We hypothesize that future models, including those with multi-modal neural measures (e.g. structure, function, connectivity, diffusion) and nonlinear terms, will account for more age-related variance and thus be more sensitive to specific outcomes. Moreover, future work could compute brain-psychopathy measures, brain-impulsivity measures, brain-IQ measures, to aid in the neuroprediction of rearrest. Indeed, we included only a handful of known predictors of future rearrest. It is possible that other measures, including genetics, other demographic or psychological data, may emerge as significant predictors in future studies.

It is important to recognize that accuracy equally applies to the outcome variables as it does the predictor variables. Here we have used official arrest reports to derive our primary outcome variable (rearrest), such reports may be biased by police strategies, geography, profiling, etc. Future studies may consider using both self-report data on criminal activities as well as arrest reports to assess whether one may be more accurate than another.

Conclusions

This study demonstrated, for the first time, that structural brain imaging measures corresponding to changes in age, are useful in the prediction in future antisocial behavior. Significant predictors included areas of the medial and anterior temporal cortex (e.g. amygdala and temporal pole), and the orbitofrontal cortex. When compared directly, models using brain-age measures performed better than those using chronological age. Further, these measures incrementally improved on previously developed models that incorporate a number of other important factors, including psychopathic traits, drug and alcohol use, and functional neuroimaging data corresponding to performance on a behavioral inhibition task (Aharoni et al., 2013). As a whole, this study represents an incremental step in demonstrating the utility of brain measures for their practical predictive value; however, these findings should not be considered apart from a number of important limitations and ethical considerations. Limitations include the cost-benefit ratio for general implementation of these techniques, and the likelihood for improvement on these techniques with multimodal imaging data. Ethical considerations abound in using brain-derived information to make decisions about individuals' freedom, based on improved, but still-imperfect prediction models. Further, it demands expanded consideration of our notions of responsibility and culpability vis-à-vis behavioral variability attributable to physiological indices of maturity. We hope this work spurs on additional research for improving on these techniques and underscores the growing need for informed discourse on the ethical considerations that arise from its demonstrated utility.

Financial support

This work was supported by the NIMH (R01 MH070539, R01 MH071896, R01 MH070539, PI Kiehl; R01 MH090169, PI: Kosson; R01 MH087525, PI: Decety), NIDA (R01 DA026964, R01 DA020870, R01 DA026505, PI: Kiehl), NIBIB (R01 EB000840, PI: Calhoun) and NICHD: R01 HD082257 & R01 HD092331 (PI: Kiehl) and funding from the MacArthur Foundation Law & Neuroscience Project Phase I (PIs Kiehl and Aharoni).
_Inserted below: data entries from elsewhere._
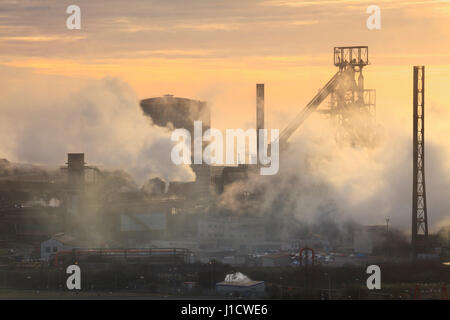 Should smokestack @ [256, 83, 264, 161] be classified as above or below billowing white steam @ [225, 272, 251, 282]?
above

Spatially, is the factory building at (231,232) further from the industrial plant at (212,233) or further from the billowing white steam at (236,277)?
the billowing white steam at (236,277)

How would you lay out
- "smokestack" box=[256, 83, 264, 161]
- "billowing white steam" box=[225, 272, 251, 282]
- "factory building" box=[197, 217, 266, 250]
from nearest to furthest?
"billowing white steam" box=[225, 272, 251, 282]
"factory building" box=[197, 217, 266, 250]
"smokestack" box=[256, 83, 264, 161]

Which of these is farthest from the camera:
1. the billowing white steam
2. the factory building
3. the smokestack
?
the smokestack

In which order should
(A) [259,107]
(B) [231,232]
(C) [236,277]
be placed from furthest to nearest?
(A) [259,107]
(B) [231,232]
(C) [236,277]

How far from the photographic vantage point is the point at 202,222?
192ft

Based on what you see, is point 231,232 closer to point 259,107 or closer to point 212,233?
point 212,233

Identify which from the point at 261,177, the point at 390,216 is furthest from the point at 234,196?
the point at 390,216

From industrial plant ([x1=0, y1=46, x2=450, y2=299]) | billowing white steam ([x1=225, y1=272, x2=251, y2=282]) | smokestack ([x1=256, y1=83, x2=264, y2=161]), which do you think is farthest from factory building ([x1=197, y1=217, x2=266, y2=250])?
billowing white steam ([x1=225, y1=272, x2=251, y2=282])

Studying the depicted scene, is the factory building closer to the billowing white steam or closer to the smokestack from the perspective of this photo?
the smokestack

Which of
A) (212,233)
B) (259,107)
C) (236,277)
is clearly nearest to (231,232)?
(212,233)

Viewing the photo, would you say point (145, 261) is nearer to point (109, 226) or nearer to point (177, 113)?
point (109, 226)

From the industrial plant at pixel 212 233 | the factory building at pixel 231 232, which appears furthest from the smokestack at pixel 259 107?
the factory building at pixel 231 232

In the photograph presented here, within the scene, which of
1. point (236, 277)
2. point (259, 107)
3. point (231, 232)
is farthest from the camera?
point (259, 107)

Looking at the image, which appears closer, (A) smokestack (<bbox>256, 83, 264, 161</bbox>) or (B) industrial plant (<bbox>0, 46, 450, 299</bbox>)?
(B) industrial plant (<bbox>0, 46, 450, 299</bbox>) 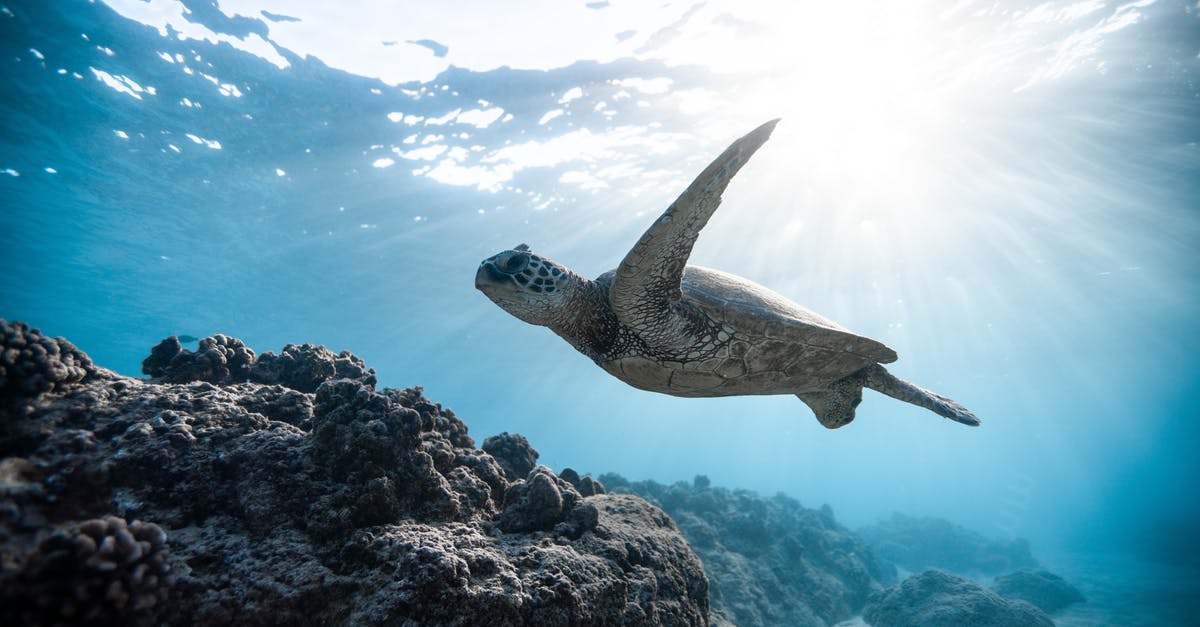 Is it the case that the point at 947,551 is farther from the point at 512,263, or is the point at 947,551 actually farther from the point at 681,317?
the point at 512,263

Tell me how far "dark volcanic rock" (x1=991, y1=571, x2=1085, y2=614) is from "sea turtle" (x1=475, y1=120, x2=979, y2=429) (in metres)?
15.6

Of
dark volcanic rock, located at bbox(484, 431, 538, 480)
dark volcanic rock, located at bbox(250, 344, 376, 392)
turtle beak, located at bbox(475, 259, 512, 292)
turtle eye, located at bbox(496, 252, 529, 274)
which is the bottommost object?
dark volcanic rock, located at bbox(484, 431, 538, 480)

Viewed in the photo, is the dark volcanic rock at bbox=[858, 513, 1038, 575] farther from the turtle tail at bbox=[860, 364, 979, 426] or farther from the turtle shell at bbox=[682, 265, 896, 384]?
the turtle shell at bbox=[682, 265, 896, 384]

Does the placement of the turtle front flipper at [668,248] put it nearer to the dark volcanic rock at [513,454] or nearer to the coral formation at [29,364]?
the dark volcanic rock at [513,454]

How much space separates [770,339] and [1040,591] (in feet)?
58.7

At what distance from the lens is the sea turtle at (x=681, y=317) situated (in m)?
2.83

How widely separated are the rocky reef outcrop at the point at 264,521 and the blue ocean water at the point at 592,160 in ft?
33.9

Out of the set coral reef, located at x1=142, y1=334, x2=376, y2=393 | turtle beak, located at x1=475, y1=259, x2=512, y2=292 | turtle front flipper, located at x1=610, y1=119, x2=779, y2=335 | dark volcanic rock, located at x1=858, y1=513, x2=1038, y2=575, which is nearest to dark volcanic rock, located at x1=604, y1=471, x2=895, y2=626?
turtle front flipper, located at x1=610, y1=119, x2=779, y2=335

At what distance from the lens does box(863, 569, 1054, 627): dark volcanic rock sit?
24.0 ft

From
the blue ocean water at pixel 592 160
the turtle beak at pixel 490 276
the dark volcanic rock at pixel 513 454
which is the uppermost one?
the blue ocean water at pixel 592 160

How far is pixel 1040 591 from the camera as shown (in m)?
12.9

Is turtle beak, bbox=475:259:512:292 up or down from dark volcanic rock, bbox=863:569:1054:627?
up

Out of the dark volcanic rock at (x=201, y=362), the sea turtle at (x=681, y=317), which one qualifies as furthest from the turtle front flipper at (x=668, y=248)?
the dark volcanic rock at (x=201, y=362)

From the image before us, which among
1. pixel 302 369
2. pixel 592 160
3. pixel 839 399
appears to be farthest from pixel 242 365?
pixel 592 160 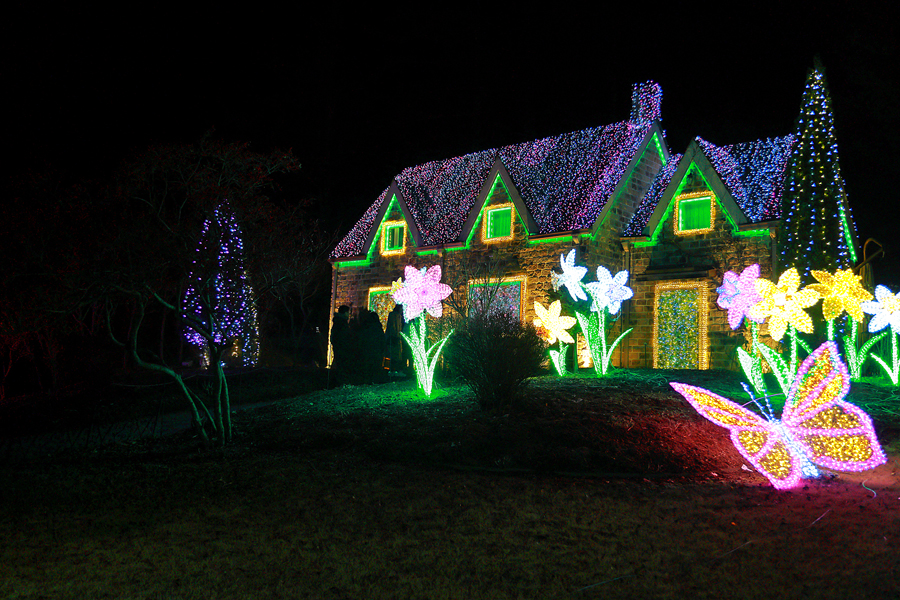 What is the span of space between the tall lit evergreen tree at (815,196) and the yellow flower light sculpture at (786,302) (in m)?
4.95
These funding sources had no involvement in study design, data collection, writing of the manuscript, or decision to submit for publication.

Author contributions

K.A. Kiehl led the NIH/MacArthur projects that collected the data and conceived of the study approach. K.A., Kiehl, V. R. Steele, V. Rao, J.M. Maurer, K. A. Harenski, N. E. Anderson, C. Harenski, V.D. Calhoun, E. Aharoni devised and implemented the analytical approach, performed data analysis, developed interpretations, and drafted the manuscript with contributions from all the other co-authors. M. Koenigs coordinated data collection in Wisconsin prisons. All authors provided critical revisions and approved the final version for submission.

Competing financial interests

The authors do not declare any competing financial interests.